空間における景観や動線、器物、肌理、そこに漂う空気、さらに地理的環境などは、その空間の使用目的や設計思想、施工工芸などと関わっている。さらにその当時の政治や権力、統治、経済、消費、文化、流行、内面の欲求などといった複合的な要素と、そこから生まれる需要や支配などともつながる。したがって、空間描写という写真のジャンルを応用して歴史的空間の建造物や器物、痕跡や雰囲気に焦点を当ててみた時、そこに付着している多重な寓意を通して、美学の実践を兼ね備えた写真を手掛かりに、景観をさらに直視し、歴史に接近して新たな時代を構築できるのではないだろうか。
「安康接待室」は、1980年に当時の韓国の全斗煥(チョン‧ドゥファン)政権が、光州で発生した民主化運動(光州事件)を軍事的に鎮圧した時の、「華やかな休暇(Splendid Holiday)」という行動コードネームを思い起こさせる。一見何の問題もなさそうな美しいコードネームの背後には、いまだに明らかにされていない惨烈な歴史が隠されており、現在から見ると、実に荒唐無稽で滑稽でさえある。同じように「安康接待室」という名称は、「安康のどこか」にある、賓客を接待する政府のレセプションルームをイメージさせるが、これも実は目くらましなのである。ここは当時の司法行政部に属する調査局が、1973年に今の新北市の安坑の山の中に建てたもので、1970~80年代に、思想犯や政治犯を監禁し、拷問を行なう尋問型の監獄だったのである。戒厳令下の台湾において、調査局と警備総司令部軍法処が共用する、当時では最も近代的な設備が整った監禁と尋問のための施設だった。ここにはかつて、著名な作家である柏楊やラジオパーソナリティの崔小萍、企業家の楊金梅、それに高雄美麗島事件の当事者などが監禁されていたため、当時多くの尋問型監獄があった中でも「安康接待室」は世界的に知名度が高く、1987年に戒厳令が解除されてからようやく使用が終了した。

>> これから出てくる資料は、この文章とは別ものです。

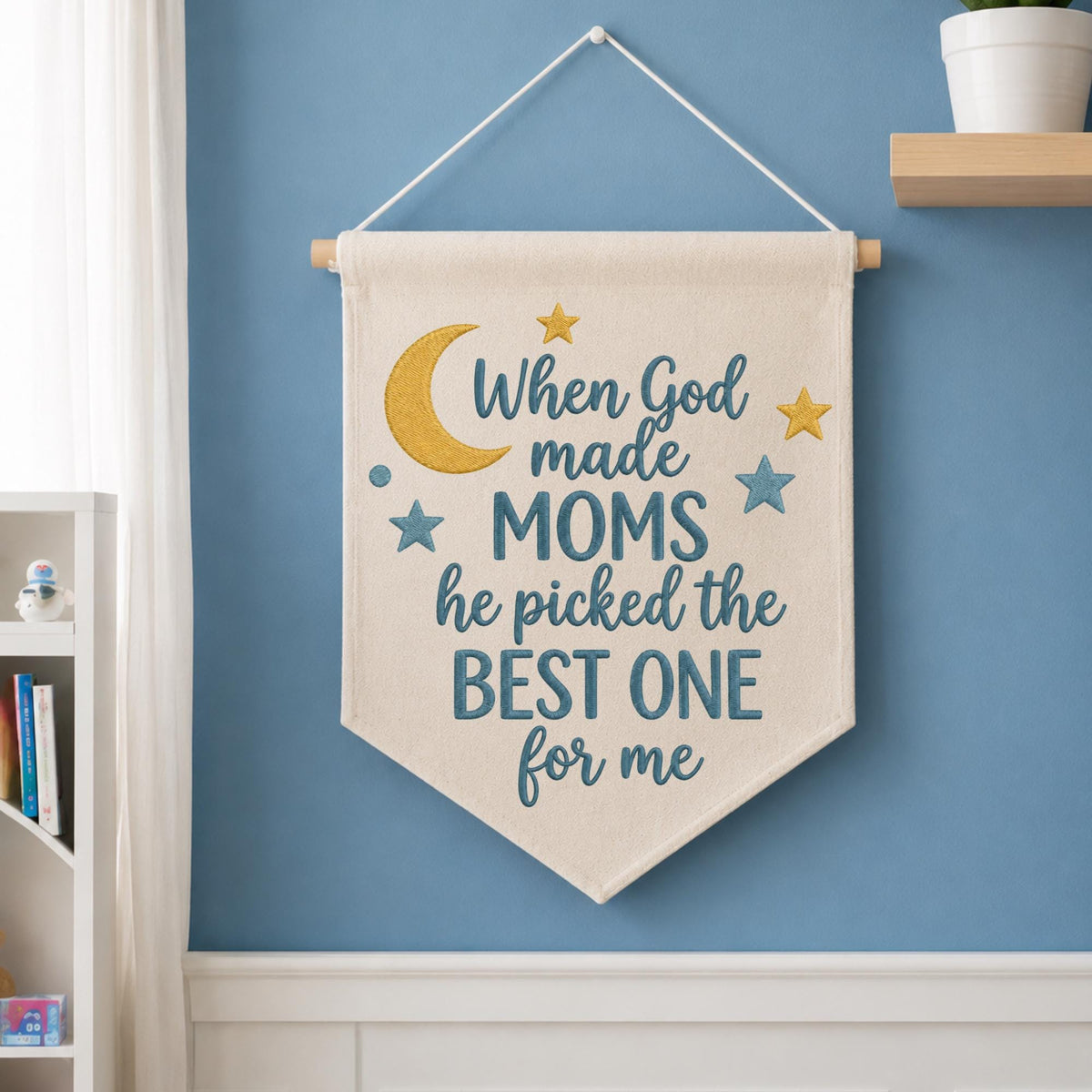 When God Made Moms Embroidered Banner, Christian Mom Gift, Mother’s Day Wall Hanging, Religious Home Decor, Gift for Mom from Child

川沿いの山の上にある「安康接待室」は、そのランドスケープも建築物も比較的よく保存されている。入口は一ヶ所しかなく、周囲は密集した植物や斜面に囲まれ、門の横には警備員の詰所がある。高台という位置と周囲の環境によって巧みに隔絶され隠されている。外部から遠く隔てられたこの地を故意に選んだことは明らかであろう。警備員の詰所と庭の奥には、山の斜面を利用して建てられた4棟の平屋があり、それぞれ監禁、尋問、事務および生活に用いられていた。そのうち山肌の比較的高いところにある尋問用の建物と、比較的低いところに建てられた監禁用の建物との間は地下道でつながっており、間には鉄の扉がある。こうすることで隠蔽性は一層高まり、尋問に便利であるだけでなく、被監禁者には強大な心理的ストレスをあたえ、また正常な時空の感覚を失わせるものでもある。

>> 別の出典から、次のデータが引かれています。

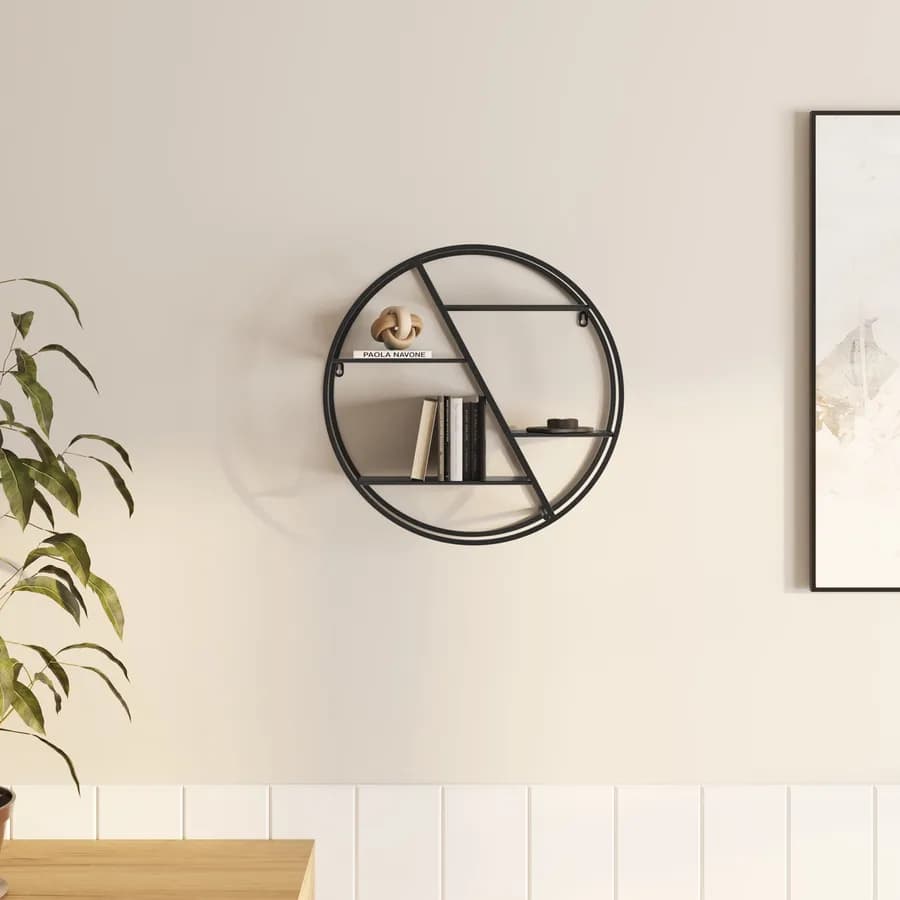 Libreria sospesa rotonda 50 cm in metallo nero - Shima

今日、台湾の民主化は進んだが、「安康接待室」は歴史の大きな流れの中で数十年にわたって放置されてきた。法の支配と人権意識が高まる中、あの時代の暗黒の歴史の回顧と再構築が各方面から進められている。今後、私たちは歴史を直視し、継続的にそれを発掘して思考し、そこから教訓を得ることで、はじめて真の和解を経て、手を取り合って前進することができるだろう。ここの剥がれ落ちて斑になった石綿瓦や、ぞっとするような声が響く地下道、樹木の気根が絡みついた監禁棟、腐食して崩れ落ちた窓格子、ぶ厚く重たい扉、湿気を帯びてカビの生えた壁、薄暗く陰気な廊下などから、かすかに感じられる地場とそこにいるかのような魂が、あの恐怖の時代に成し遂げられなかった志への無念や、無実と不平の叫びをあげているように感じられる。